= Katherine K. Perkins =

American physics educator

Katherine K. "Kathy" Perkins is a physics educator who directs the PhET Interactive Simulations project at the University of Colorado Boulder, where she also holds attendant rank as a professor of physics.

==Education and career==
Perkins was a student at Harvard University, from which she has a 1992 bachelor's degree in physics, a master's degree in chemistry, and a 2000 doctorate in atmospheric science, also working as an environmental consultant before completing her graduate studies. Her doctoral dissertation concerned ozone depletion and the measurement of ozone-depleting chemicals in the atmosphere.

After postdoctoral research at the National Oceanic and Atmospheric Administration, she has been affiliated with the PhET project since 2003, initially working as a postdoctoral researcher for Carl Wieman, the founder of the project.
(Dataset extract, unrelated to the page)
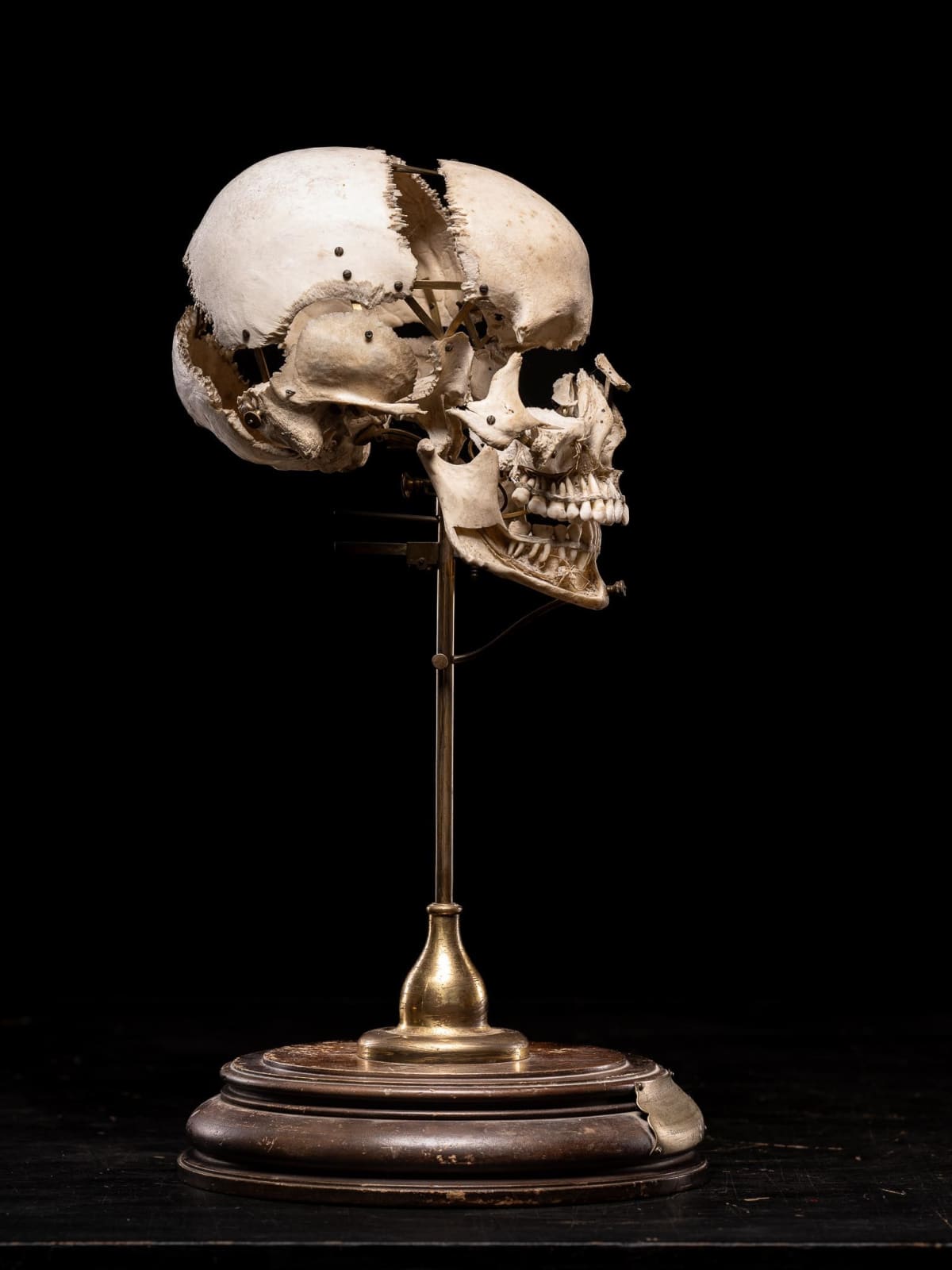 Edmé François Chauvot de Beauchêne disarticulated or exploded human skull, France, 19th Century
She became its director in 2008. She directed the Science Education Initiative at the university, and is professor attendant rank in physics, associated with the Physics Education Research Group.

==Recognition==
Perkins was named as a Fellow of the American Physical Society, in the 2021 class of fellows, "for profound contributions to physics education through the vision and leadership of the PhET project, resulting in the creation of many high-quality interactive simulations for teaching physics to hundreds of millions of students and teachers globally".